Keep your books up to date
Your records can’t give you useful information if they’re several weeks – or months – out of date. Wise was the man who said that you can’t drive by looking only through the rear-view mirror!
You need to have up-to-date, real time information in order to know how your business is doing. Using online accounting software will help you with this up to a point, but you need to do your part by making sure the information you post is timely and accurate.
Set aside some time each week to do your books and make sure that your information is never out of date.
Monitor your profitability – by total and by channel
Do you know how profitable your business is?
Keep an eye not only on overall profit but on the profit and cash that individual projects, products and channels are bringing in. Are you being too nice to all, or some of, your customers and not charging them enough? You’ll know when you look at your profit and loss account for particular projects and see that the profit figure is lower than you’d expected.
Make use of ratios and calculations such as profit margin (dividing your profit by your sales, so that you know how much profit you’ve made per pound of sales) to help you track whether you’re making the profit you hoped to.
Know who your slow-paying customers are
Keep track of how quickly your customers are paying you. There will always be some who take longer than they should!
Could you encourage them to pay any faster, for example by offering different methods of payment such as accepting credit cards, or by offering an early payment discount?

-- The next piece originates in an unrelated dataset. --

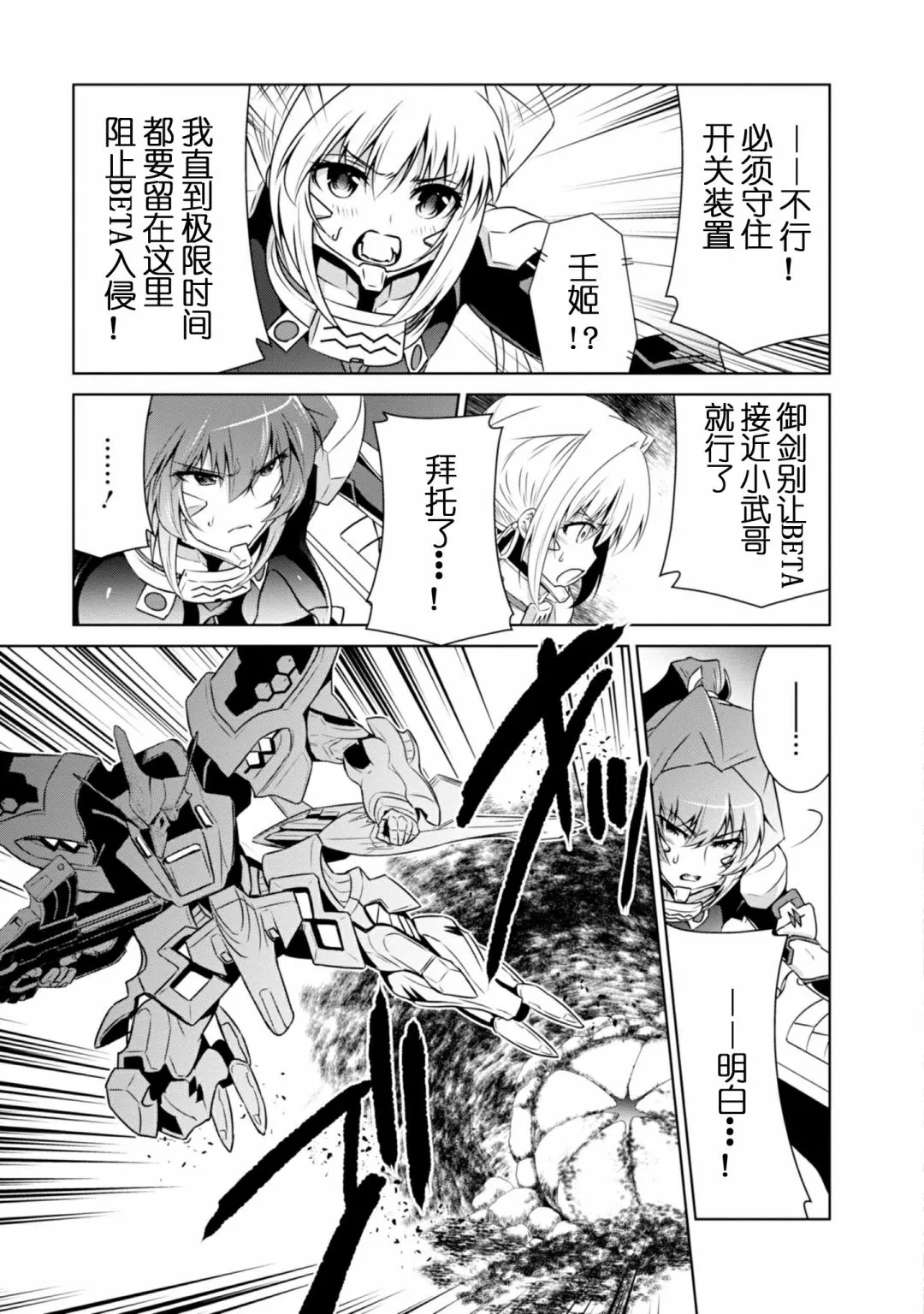 第95话 第13页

If you have chronic late payers then should they still be customers?
Be careful of having too few customers
Businesses who become dependent on a small number of large customers tend to have cash flow problems, because the customers can use their purchasing power to pay late, and there isn’t much other cash coming in to make up the shortfall.
If your business is in this position, could you increase the number of customers you deal with?
Plan your cash and be prepared for a rainy day
Make sure that you’re not just tracking what is happening now, but that you’ve planned what you expect to happen in the next week, month, year and 2 years.
When do you expect cash to come in? Could you take your business to a different market? When will you have enough to do that?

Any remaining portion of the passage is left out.